** Data excerpts **
%%
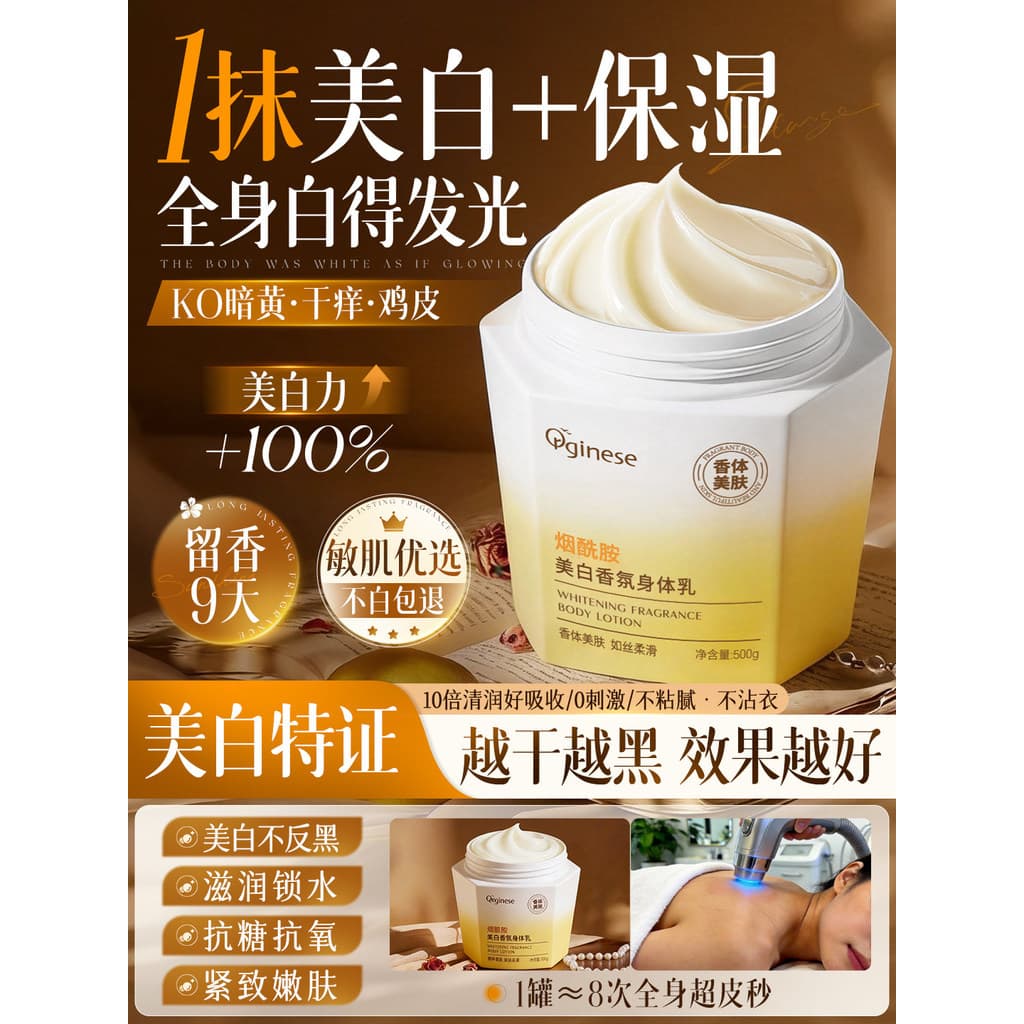 Ouju niacinamida clareamento loção corporal hidratante hidratante pele feminina seca hidratante fragrância masculina cla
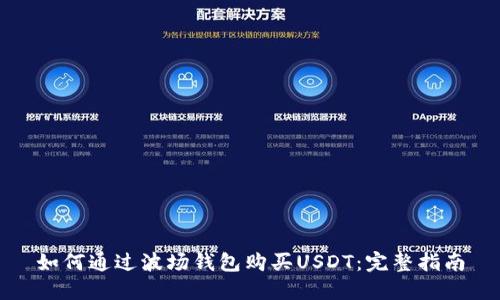 如何通过波场钱包购买USDT：完整指南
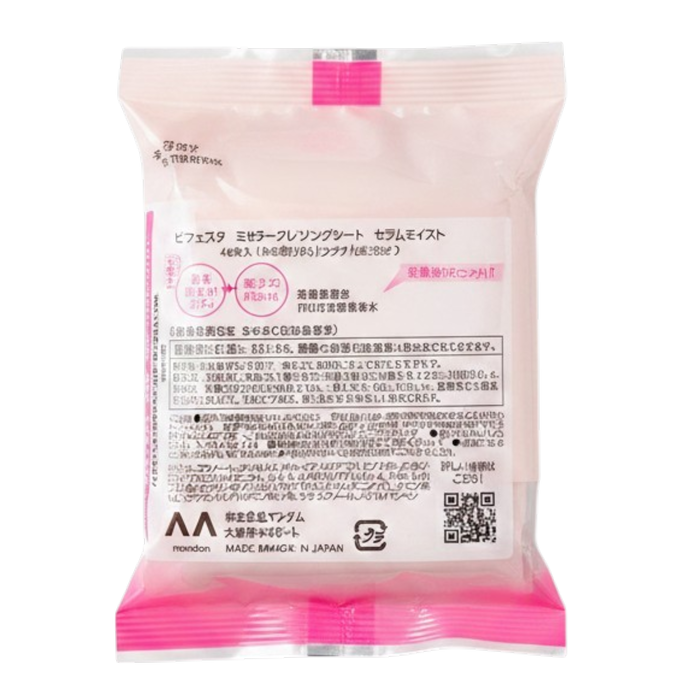 Mandom Bifesta Micellar Cleansing Sheets - Serum Moist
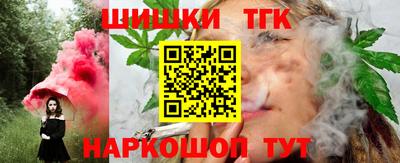 гидра Тверь
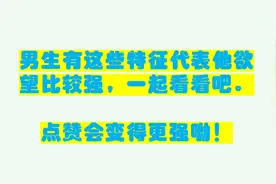 男人欲望强的十大特征视频封面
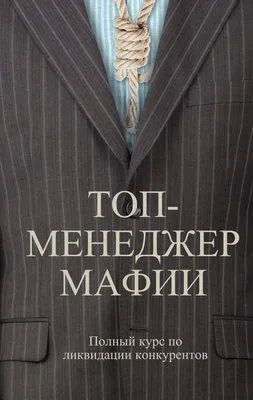 Топ-менеджер мафии. Полный курс по ликвидации конкурентов — обложка книги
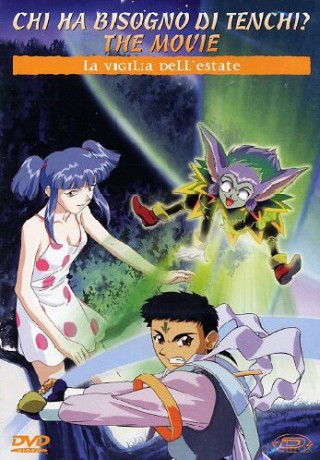 Tenchi the Movie - Tenchi Muyo in Love - The Movie [DVD]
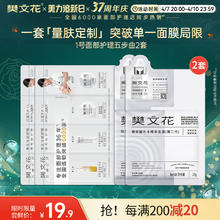 樊文花 面部护理五部曲补水面膜“清排调固”护肤品套装小样旅行装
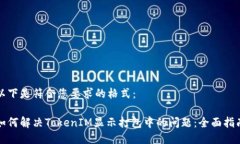 以下是符合您要求的格式：如何解决TokenIM显示打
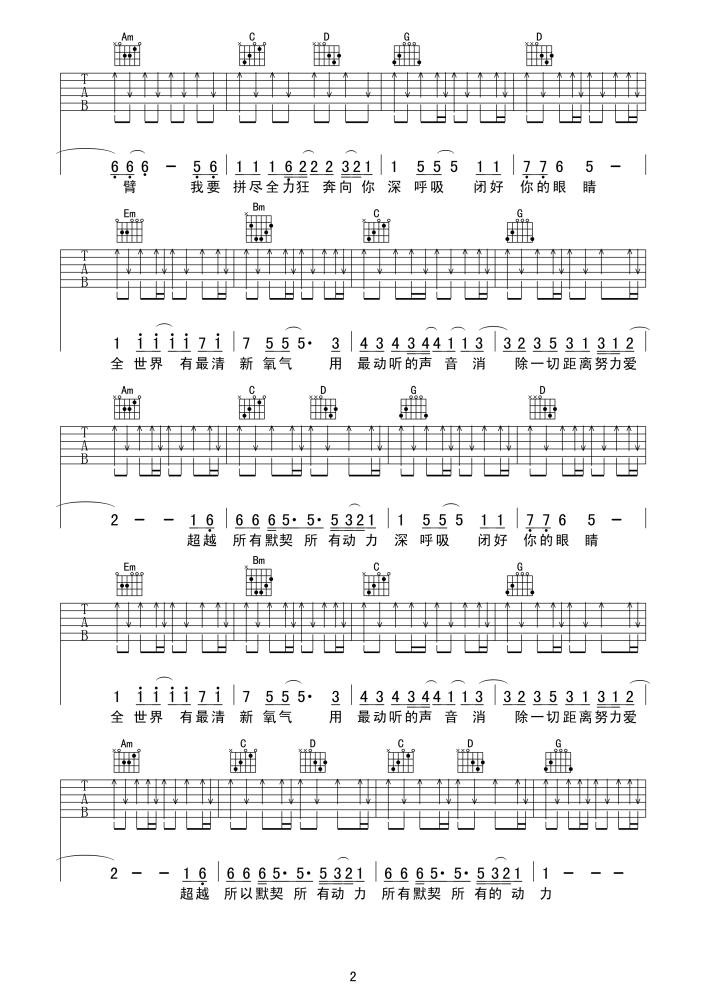 image-1312.png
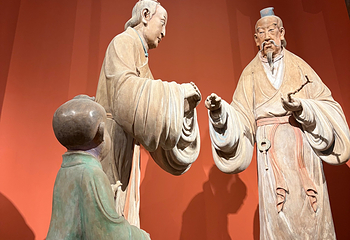 尼山旅游度假区第 22 张图片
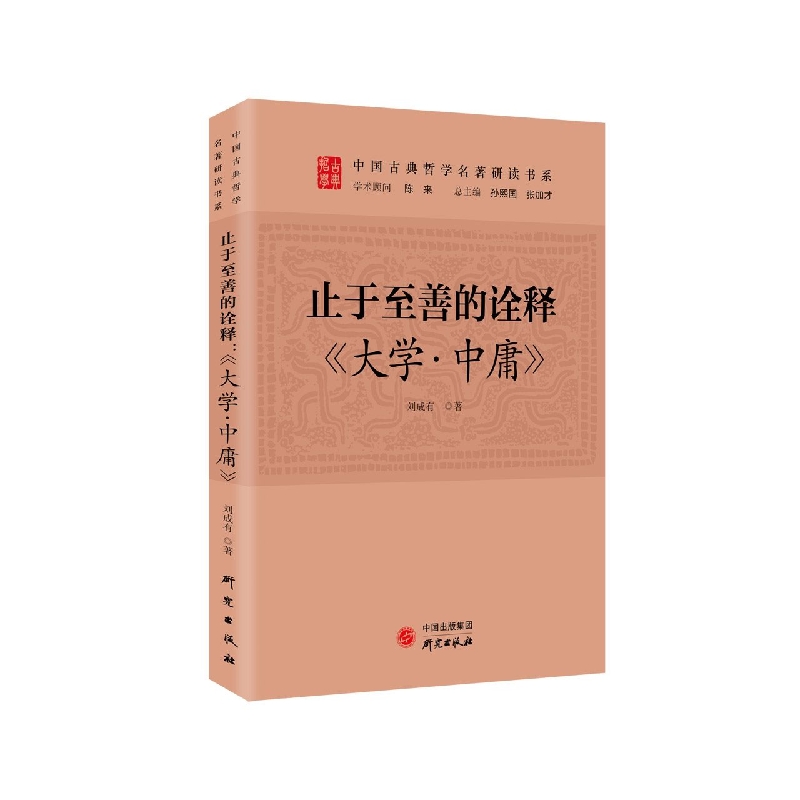 止于至善的诠释：大学?中庸
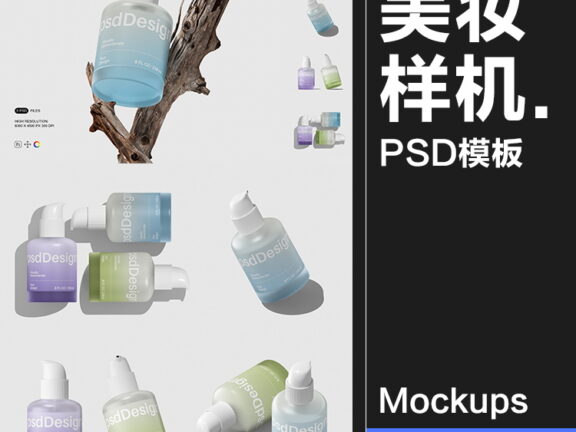 5款潮流半透明按压泵瓶化妆品美妆粗款瓶子磨砂玻璃包装PSD样机素材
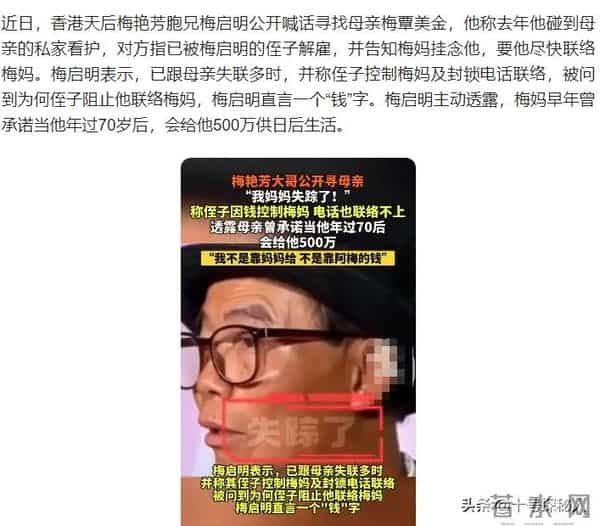 梅艳芳弥留之际,曾屡次吩咐保镖:我死都不会见他们两个人!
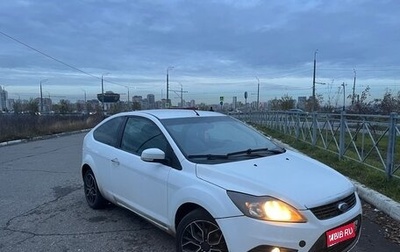 Ford Focus II рестайлинг, 2008 год, 370 000 рублей, 1 фотография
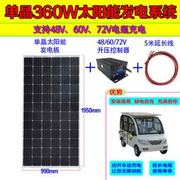 300w单晶太阳能电池板60v车载发b电板，72v电瓶充手机电池三轮车太
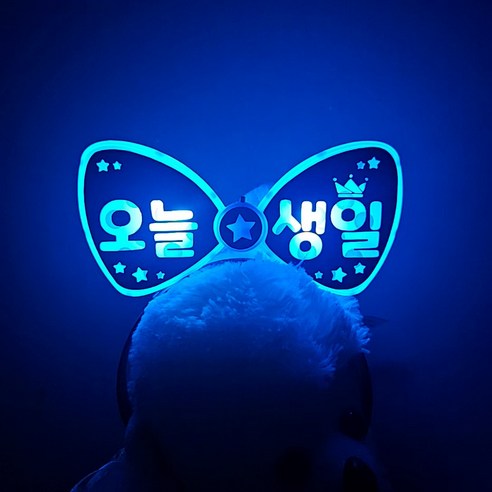 [LED머리띠] 재롱잔치 발표회 콘서트 파티 생일 머리띠, 둥글체, 머리띠 노랑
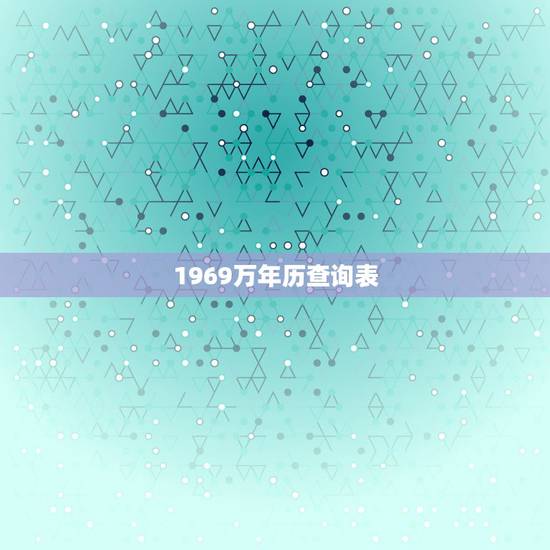 1969万年历查询表，最全的万年历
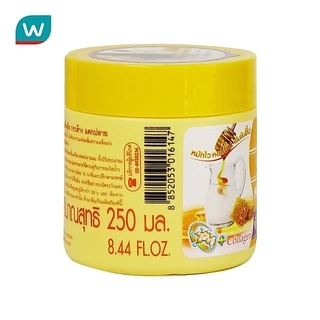 Caring แคริ่ง ทรีทเม้นท์ ฮันนี่ มิลค์ โปรตีน 250 มล.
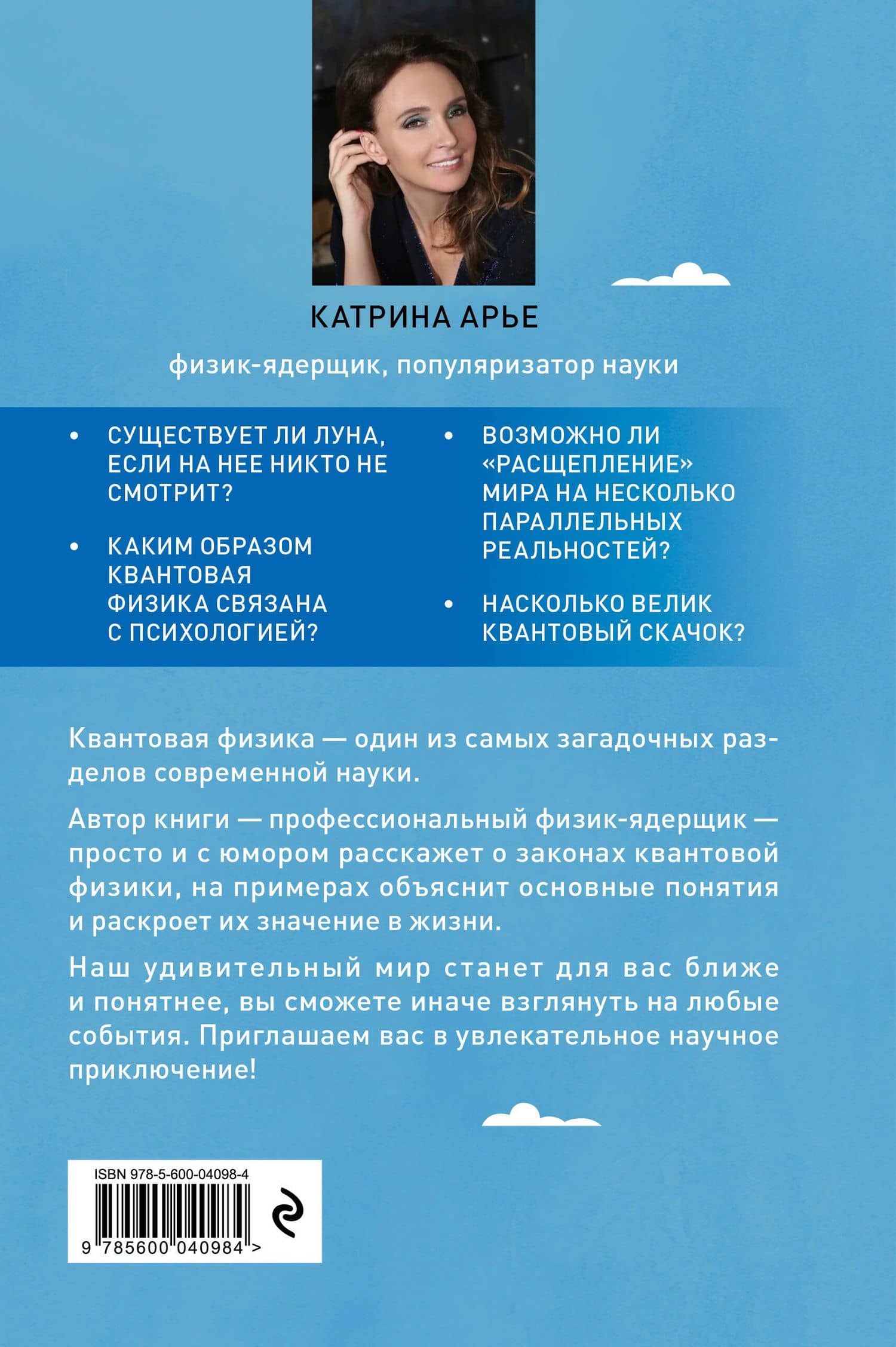 Есть ли реальность за вашей спиной? О квантовой физике простым языком — Катрина Арье (2)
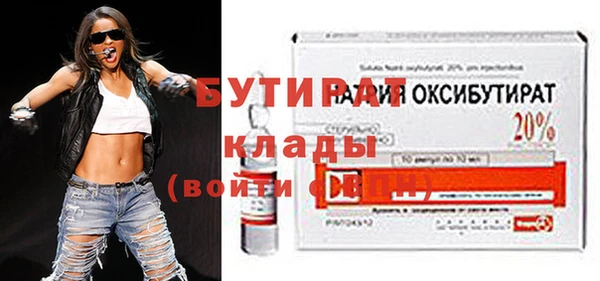 кокаин премиум Балабаново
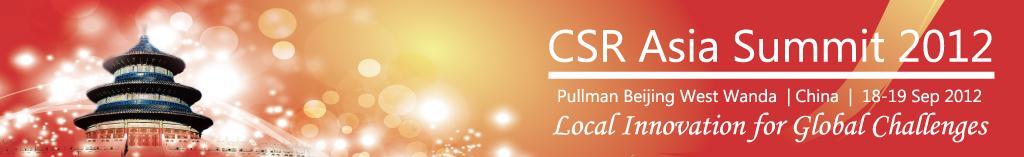 CSR Asia Summit 2012 -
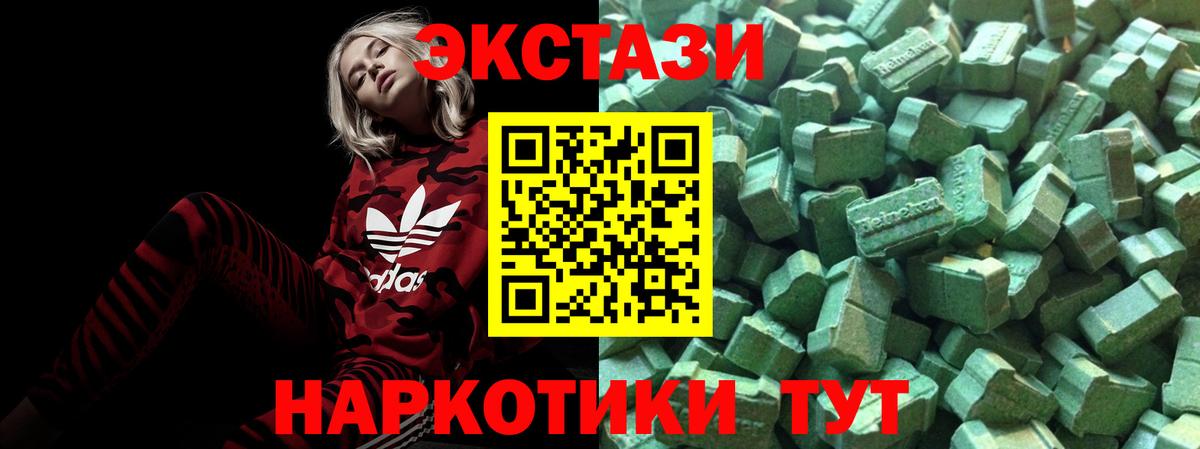 ЭКСТАЗИ  Вход с VPN  ЭКСТАЗИ таблы  Кириши  Экстази Punisher 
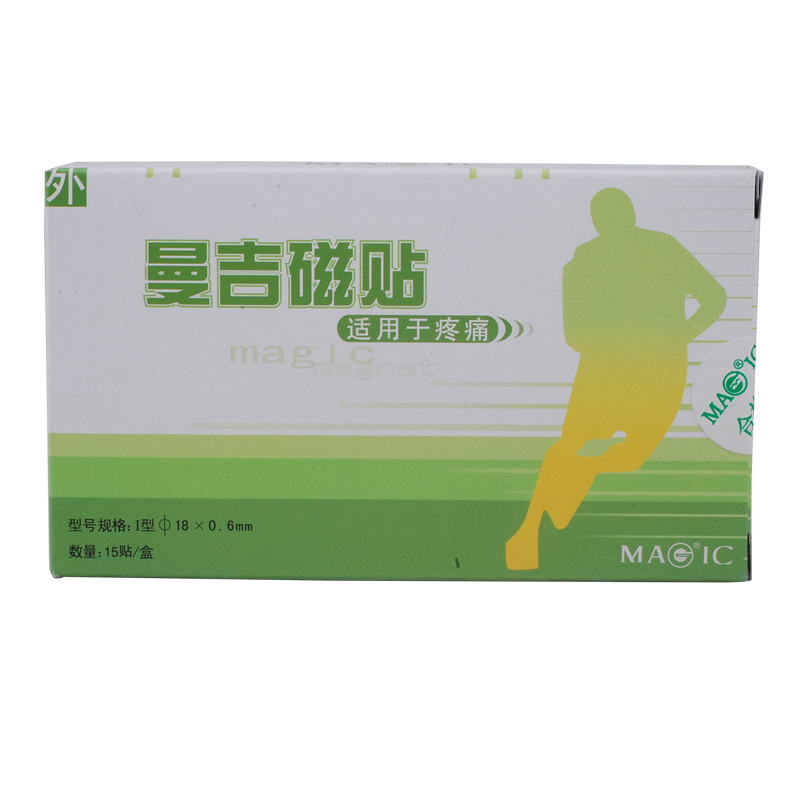 【买就送】MAGIC曼吉磁贴 疼痛贴3贴 颈椎病关节炎肩周穴位贴膏药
%%
** Task requirements **
Repeat everything in the records above exactly, except the pictures.

** Exercise response **
 Ouju niacinamida clareamento loção corporal hidratante hidratante pele feminina seca hidratante fragrância masculina cla
 如何通过波场钱包购买USDT：完整指南
 Mandom Bifesta Micellar Cleansing Sheets - Serum Moist
 гидра Тверь
 男人欲望强的十大特征视频封面
 Топ-менеджер мафии. Полный курс по ликвидации конкурентов — обложка книги
 Tenchi the Movie - Tenchi Muyo in Love - The Movie [DVD]
 樊文花 面部护理五部曲补水面膜“清排调固”护肤品套装小样旅行装
 以下是符合您要求的格式：如何解决TokenIM显示打
 image-1312.png
 尼山旅游度假区第 22 张图片
 止于至善的诠释：大学?中庸
 5款潮流半透明按压泵瓶化妆品美妆粗款瓶子磨砂玻璃包装PSD样机素材
 梅艳芳弥留之际,曾屡次吩咐保镖:我死都不会见他们两个人!
 Ford Focus II рестайлинг, 2008 год, 370 000 рублей, 1 фотография
 300w单晶太阳能电池板60v车载发b电板，72v电瓶充手机电池三轮车太
 [LED머리띠] 재롱잔치 발표회 콘서트 파티 생일 머리띠, 둥글체, 머리띠 노랑
 1969万年历查询表，最全的万年历
 Caring แคริ่ง ทรีทเม้นท์ ฮันนี่ มิลค์ โปรตีน 250 มล.
 Есть ли реальность за вашей спиной? О квантовой физике простым языком — Катрина Арье (2)
 кокаин премиум Балабаново
 CSR Asia Summit 2012 -
 ЭКСТАЗИ  Вход с VPN  ЭКСТАЗИ таблы  Кириши  Экстази Punisher 
 【买就送】MAGIC曼吉磁贴 疼痛贴3贴 颈椎病关节炎肩周穴位贴膏药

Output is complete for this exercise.